In the 2000s, Iran, for the first time in many centuries, has found itself close to creation of the geographically uninterrupted sphere of influence, spreading from Afghanistan in the east to Beirut in the West. The creation of such a sphere will principally change the balance of forces in the Middle East, making Iran a dominating regional power in the Persian Gulf and forcing geopolitical actors, first of all USA, to give up the idea of eliminating Iran as a regional center of power. In addition, Iran has got the opportunity to directly impacting the policy of the Persian Gulf countries with support of its natural allies: the Shiite population. Being forced to solve the problem of survival of their own regimes, the Saudi Arabia and other Persian Gulf states will become more compliant.

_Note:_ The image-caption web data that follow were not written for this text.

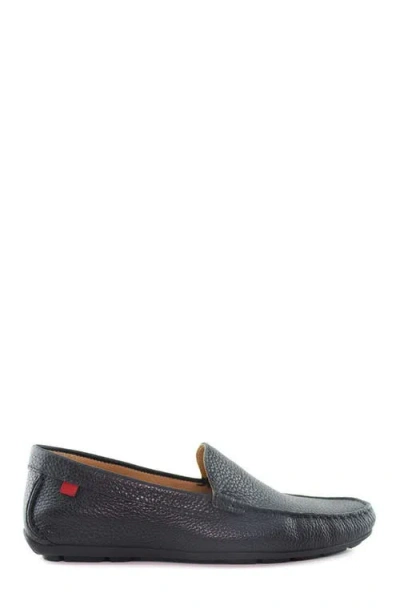Marc Joseph New York Broadway Leather Venetian Driver Loafer In Multi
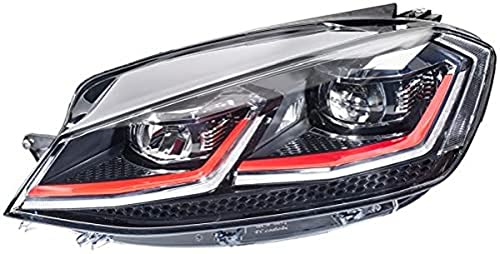 Hella 1Zx 013 924-411 Led-Faro Principale, Ece, Per Veicolo Circolazione Dx, Anteriore Sx
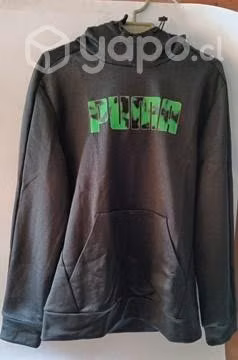 Polerones PUMA y NIKE originales, talla M
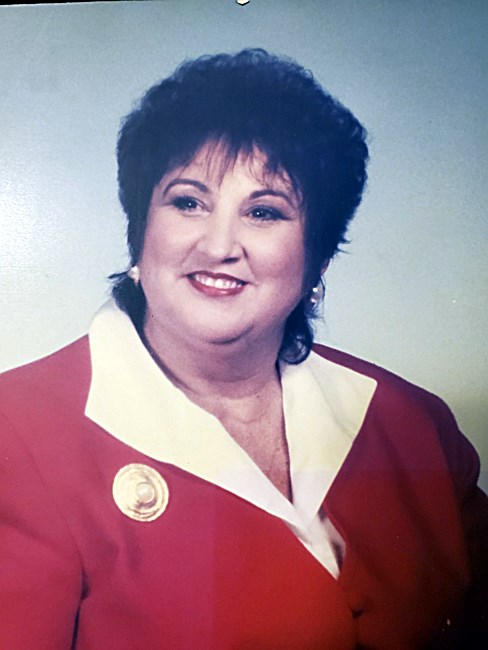 Obituary of Pamela Rogers Ringley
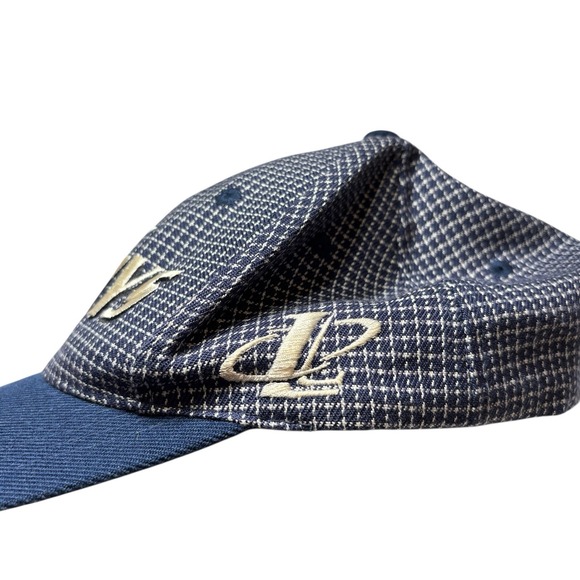 Vintage 90s Logo Dallas Cowboys NFL Adjustable Hat‎ Pro  Line - Picture 2 of 8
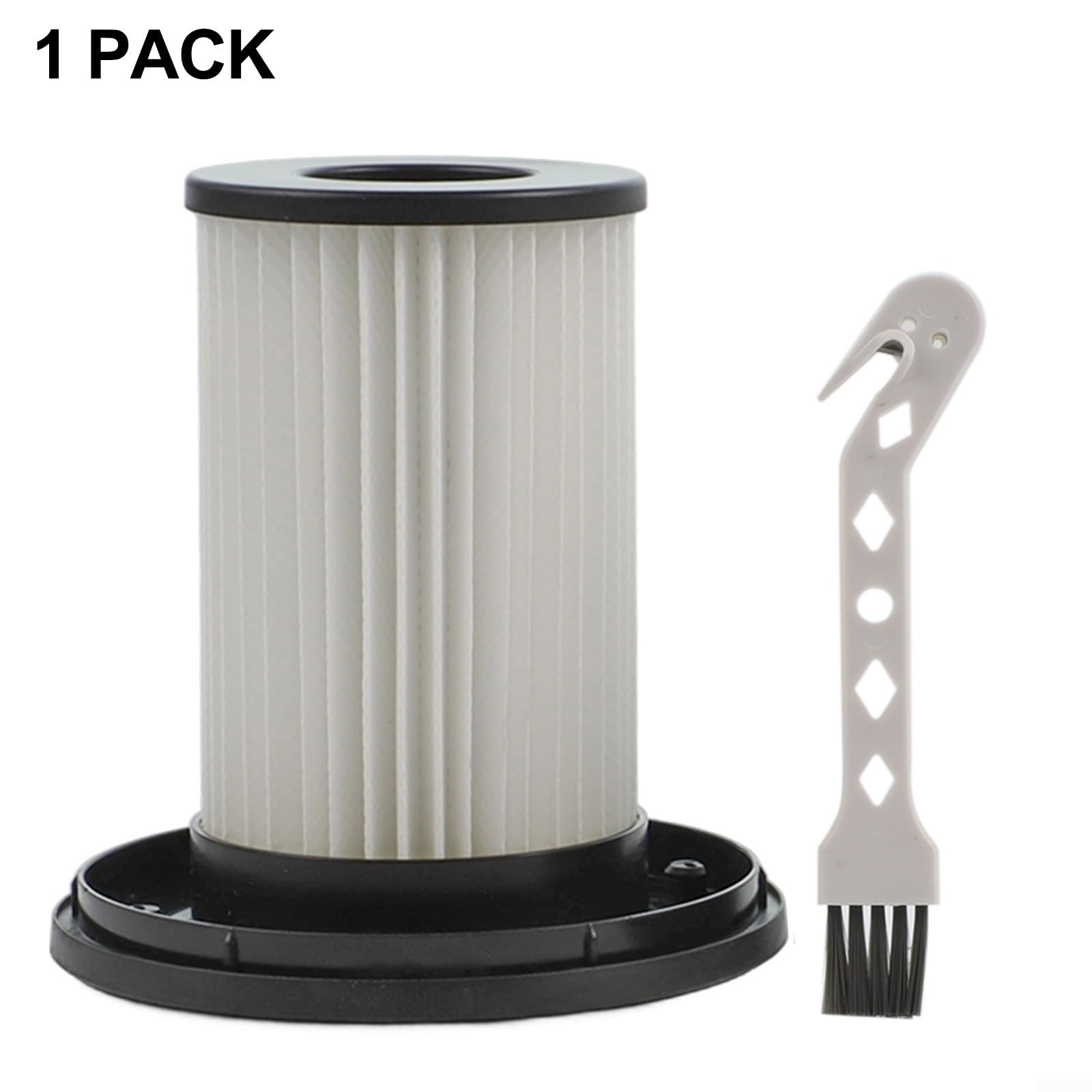 Filtre HEPA Pour Aspirateur Bosch Unlimited Gen2 Series 8 – Lot Avec Brosse De Nettoyage – Référence 12036642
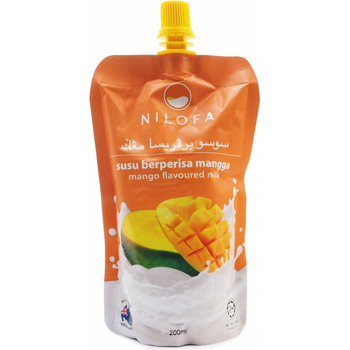 Nilofa Mango Flavoured Milk 200ml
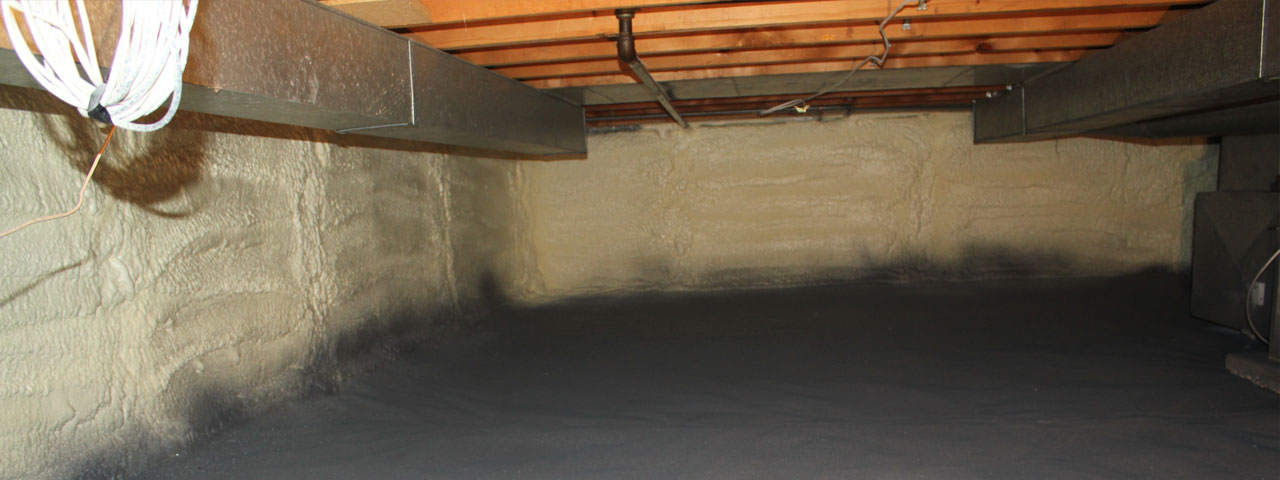 Miramar spray foam insulation for crawl spaces Miramar spray foam insulation for crawl spaces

Turkey is also in the transition period, while it has become more than just a satellite of the West, but also not a regional superpower yet. Now Turkey is already not satisfied with playing the part that it had during the Cold War, as a member of NATO. At the same time it cannot be a hegemony, shaping the regional picture, unable to ignore the current processes, which can be clearly seen on the example with Syria. Turkey’s interests are immediately concerned with what is going on in Syria, but Ankara cannot afford openly interfering into the Syrian affairs, to say nothing of the idea of heading an international coalition to “introduce” proper order in Syria. As a result, the Turkish foreign policy and strategy still remain ambiguous and transitional in all directions. So today Turkey does not shape the regional balance of forces, as it would be befitting to a mature regional power; instead, it rather creates a Turkish balance of forces, balancing between the subordination to the United States and its own policy. So what we see is a paradox. The stronger Turkey will be, the less comfortable a number of geopolitical centers and the states of the region will feel themselves, and as a result, the more vulnerable it will be. It is necessary to remember that the instability at the southern borders of Turkey, the growth of the Iranian sphere of influence, the dynamics in the Caucasus and the probability that the United States would change its Middle Eastern policy, do not let Turkey hope that the transitional policy and strategy might become permanent.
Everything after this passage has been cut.